Chine et pays émergents : recalibrer les relations
Une politique dédiée aux pays émergents
L'évolution géopolitique globale et les aspirations des pays émergents (Brésil, Chine, Inde, Indonésie, Arabie saoudite, Afrique du Sud et Turquie) devrait conduire la Commission à créer une nouvelle direction générale « Rising » avec un commissaire dédié, estime Amaia Sanchez-Cacicedo.
Recalibrer les relations avec la Chine
L'Union doit abandonner définitivement ses illusions concernant la Chine et la nature des partenariats que cette dernière développe en particulier avec la Russie ou encore l'Iran. Et en tirer les conséquences en étant plus ferme. Pour Alice Ekman, cela passe par le maintien de la pression concernant les exportations chinoises de biens à double usage qui contribuent à l'effort de guerre russe en Ukraine, mais aussi par l'adoption et la mise en œuvre de sanctions supplémentaires visant les entités chinoises, même si, là encore, il ne faut pas se faire trop d'illusions sur les effets de ces sanctions.

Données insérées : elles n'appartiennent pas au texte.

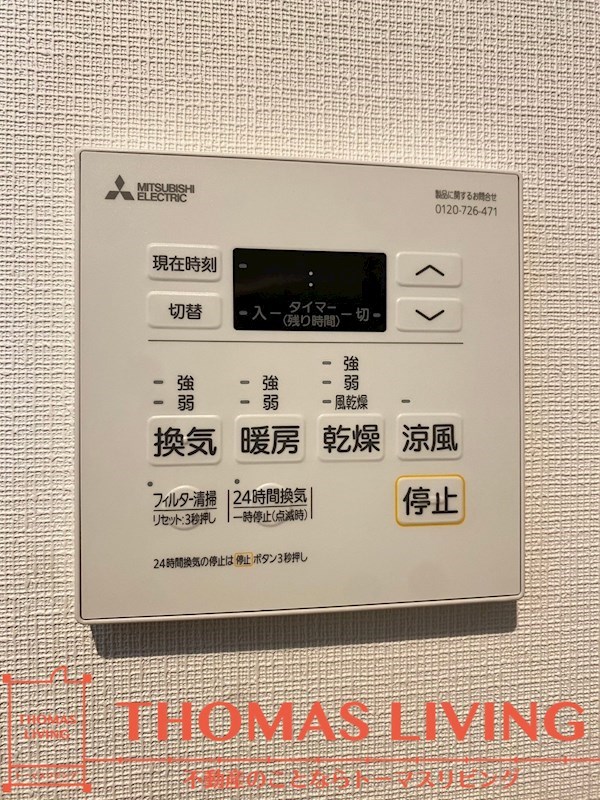 アビターレ博多 浴室乾燥機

Prévenir une guerre en Asie du sud-est
Plus de 75% des semi-conducteurs sont produits à Taiwan, en Corée du Sud, en Chine et au Japon et tout conflit dans la région, blocus ou invasion de Taiwan, aurait un impact grave pour l'UE, souligne Joris Teer. À titre préventif, l'auteur préconise de : — développer un plan d'action pour renforcer l'appui de l'UE à la dissuasion conduite par les États-Unis dans la région ; — identifier en amont les dépendances chinoises à l'égard de produits et services issus de l'UE afin de pouvoir rapidement exercer des pressions si nécessaire ; — préparer à cette fin des paquets de sanctions détaillés, avec différents niveaux d'ambition ; — identifier les dépendances les plus stratégiques de l'UE à l'égard de Taïwan et de la Chine, afin de mettre en place des mesures ciblées de réduction des risques ; — persuader, dans les contacts au plus haut niveau, les dirigeants chinois de la détermination de l'UE.